We defined two objects inhereted from `MPRAdata`:
- `MPRABarcodeData` for DNA and RNA counts per barcode
- `MPRAOligoData` for RNA and DNA counts aggregated per oligo

`MPRABarcodeData` can be generated from `MPRABarcodeData` but not vice versa. So we start with the `MPRABarcodeData` object:

### `MPRABarcodeData`

- `var`: barcodes
- `obs`: replicates

Oligo names are also stored in `var` like `MPRABarcodeData.data.var["oligo"]` and can also be accessed via `MPRABarcodeData.oligos`. Further DNA and RNA counts are stored in `layers` like `MPRABarcodeData.data.layers["dna"]` and `layers["rna"]`. This are the raw counts and those layers are never been modified. You can also access this data via `MPRABarcodeData.raw_rna_counts` and `MPRABarcodeData.raw_dna_counts`.

Metadata is stored in the `MPRABarcodeData.data.uns` dictionary.

#### Extended count data

There are some further layers that are dynamically updated via the library. This are:

1. Normalization layers in `MPRABarcodeData.data.layers["dna_normalized"]` and `MPRABarcodeData.data.layers["rna_normalized"]`. Usually we have to normalize the data to account for different sequencing depths. This is done by dividing the raw counts by the sum of the counts all counts per replicate and scale them (usually `1e6` like counts per million). We use a pseudo count of `1` to avoid division by zero. So barcodes are allowed to be not observed in either RNA or DNA. When both counts are zero the library will take this barcodes as not observed and will not use it for counting/normalization etc. The pseudocount can be modified via `MPRABarcodeData.PSEUDOCOUNT` e.g. avoiding it via `MPRABarcodeData.PSEUDOCOUNT = 0`.
2. Sampling layers in `MPRABarcodeData.data.layers["dna_sampling"]` and `MPRABarcodeData.data.layers["rna_sampling"]`. This is only an edge case when you want to downsample your counts.

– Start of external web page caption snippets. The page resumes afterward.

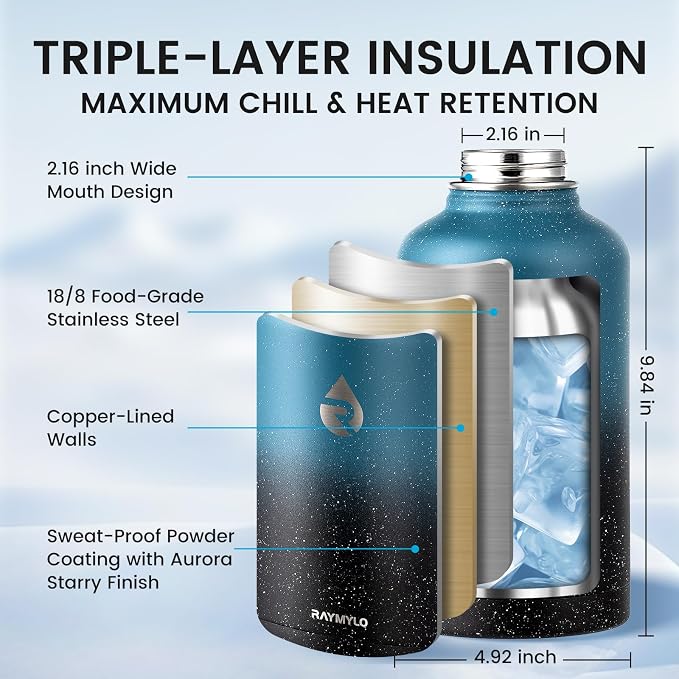 RAYMYLO Insulated Water Bottle 64 oz, Triple Wall Vacuum Stainless Steel | - Image 4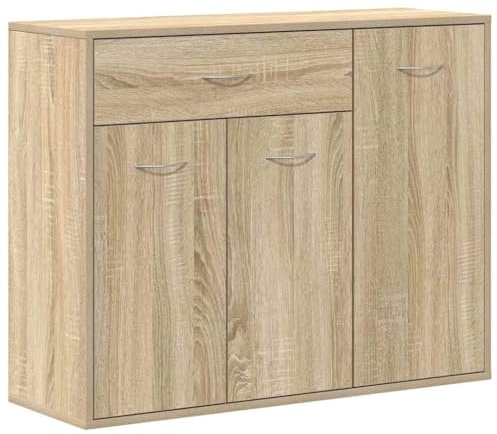 vidaXL Sideboard, Kommode mit viel Stauraum, Schrank mit 1 Schublade 3 Türen, Mehrzweckschrank Anrichte für Wohnzimmer, Sonoma-Eiche Holzwerkstoff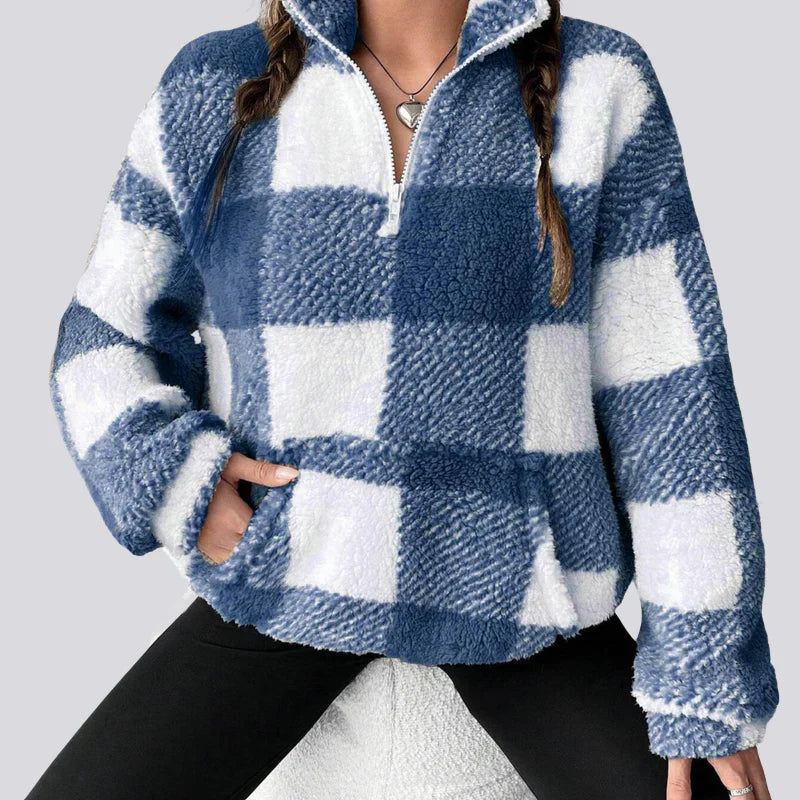 Maple - Cozy Plaid Fleece Pullover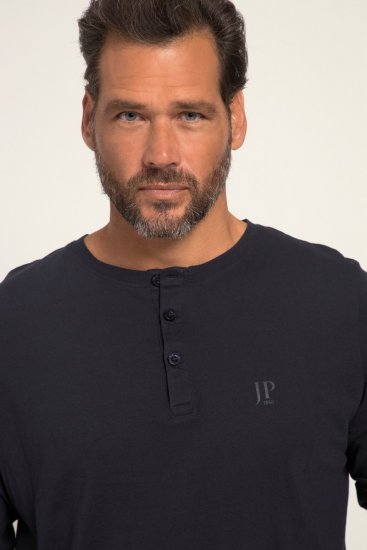 JP1880 702555 Henley T-shirt met lange mouwen Donkerblauw - T-shirts - Grote Maten T-shirts Heren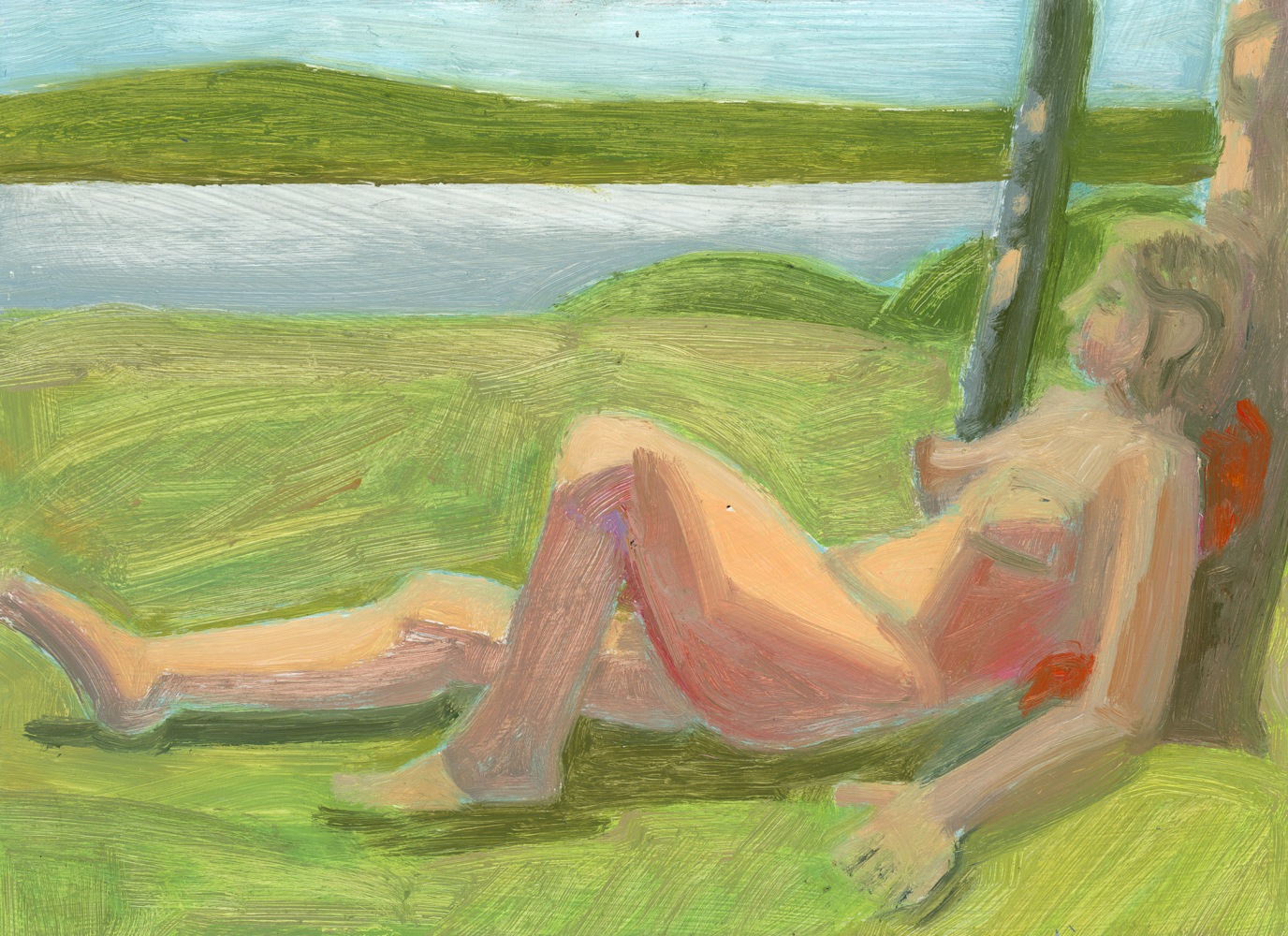 Painting of a nude figure in a grassy landscape with a mountain in the background, reclining against a tree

The library usually generates the layers and takes care of them. E.g. when barcode filtering is applied, the normalization layers are updated accordingly.

MPRAlib provides some getters (in python properties) to access the data intuitively. E.g. `MPRABarcodeData.raw_dna_counts` will return the raw DNA counts. `MPRABarcodeData.raw_rna_counts` for RNA accordingly. If you use the property `MPRABarcodeData.rna_counts` or `MPRABarcodeData.dna_counts` it will return the latest counts. That can be the raw counts (if nothing was done), filtered counts when where some barcode counts are set to zero according to the barcode filter mask (see below), sampled or sampled and filtered counts. If you want to get norlazied counts use `MPRABarcodeData.normalized_rna_counts` or `MPRABarcodeData.normalized_dna_counts`. It returns the layer `"rna_normalized"` or `"dna_normalized"` which is a normalization of `MPRABarcodeData.rna_counts` or `MPRABarcodeData.dna_counts`.

#### Barcode filtering

Barcode filters are (or in AnnData filter for `var`) stored in a n_barcodes x n_replicates matrix within the AnnData object `MPRABarcodeData.data.varm["var_filter"]`. You can set any new filter using the setter `MPRABarcodeData.var_filter = new_filter`. The filter is a boolean matrix with `True` for barcodes that should be removed and `False` for barcodes that should be kept. This setter magically also updates the normalized counts for you.

There are pre implemented methods to filter barcodes, like detecting outliers. We will cover this part later.

### Grouping Data by Oligo - The `MPRAOligoData` object

Usually when we work with MPRA data we are not interested by the barcode count itself but an aggregated count version per oligo. This is done by grouping the data by oligo and writing a new MPRAlib object with a new AnnData object, called `MPRAOligoData` and `MPRAOligoData.data` accordingly. `MPRAOligoData` also inherits from `MPRAData` so has very similar functionality than `MPRABarcodeData`. It is a new AnnData object because the data structure is slightly different. The `var` are now the oligos and the `obs` remain the replicates. The layers `"dna"`, `"rna"`, `"dna_normalized"`, and  `"rna_normalized"` exist also for the grouped data but are now aggregated per oligo. 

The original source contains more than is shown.